Architecturées autour d’un cœur 32 bits Arm Cortex-M4F et cadencées à une fréquence maximale de 192 MHz (en utilisant le procédé TurboSpot), les puces Apollo4 peuvent agir en tant que processeurs d’application ou coprocesseurs au sein d’équipements d’extrémité fonctionnant sur pile ou batterie comme les montres intelligentes, les bracelets de fitness, les traceurs pour animaux, les télécommandes vocales en champ lointain, les dispositifs de santé et de maintenance prédictifs, les équipements de sécurité intelligents ou les appareils de la maison connectée.

Les derniers-nés des SoC d’Ambiq embarquent également jusqu’à 2 Mo de MRam et 1,8 Mo de DRam, ainsi qu’un accélérateur graphique 2D/2,5D et une interface pour afficheur Mipi DSI 1.2 qui peut véhiculer deux liens à 500 Mbit/s chacun. Les puces Apollo4 disposeraient ainsi de suffisamment de puissance de calcul et de capacité de stockage pour exécuter des algorithmes et des réseaux de neurones complexes tout en prenant en charge des interfaces graphiques haut de gamme.
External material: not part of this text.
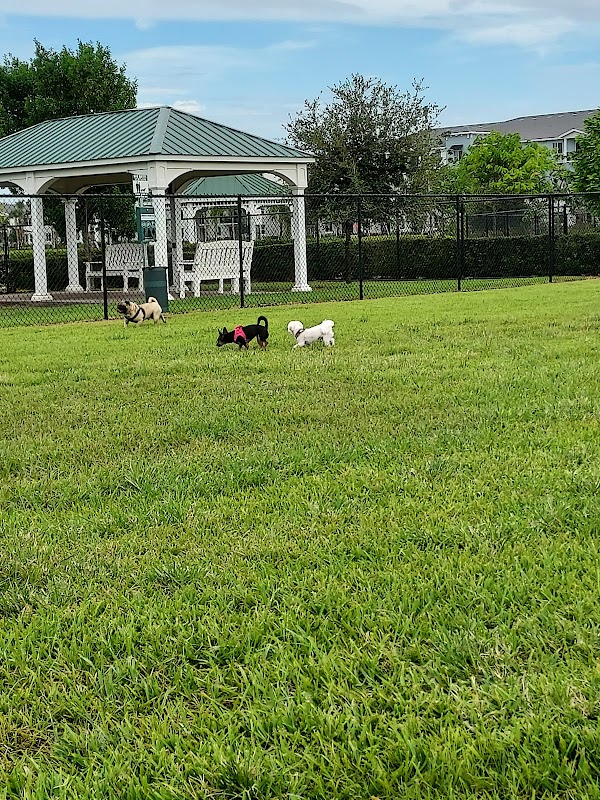 Boynton Village Park and Dog Park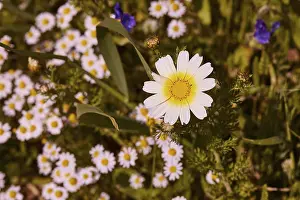 Greek Island Prints: Aptera, spring, spring meadows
De la mémoire externe peut toutefois être ajoutée par l’intermédiaire des interfaces SPI et eMMC des SoC, qui intègrent également de multiples interfaces audio et un microphone analogique à ultrabasse consommation pour un traitement vocal toujours actif.

A noter qu’Ambiq propose également sous la référence Apollo4 Blue une puce qui embarque en sus un bloc radio Bluetooth Low Energy 5 compatible avec le débit de 2 Mbit/s et les technologies de détection de direction AoA (Angle of Arrival) et AoD (Angle of Departure) pour les applications toujours actives.

Créée en 2010, la société Ambiq affirme qu’à ce jour plus de 75 millions de produits équipés de ses circuits ont été commercialisés dans le monde.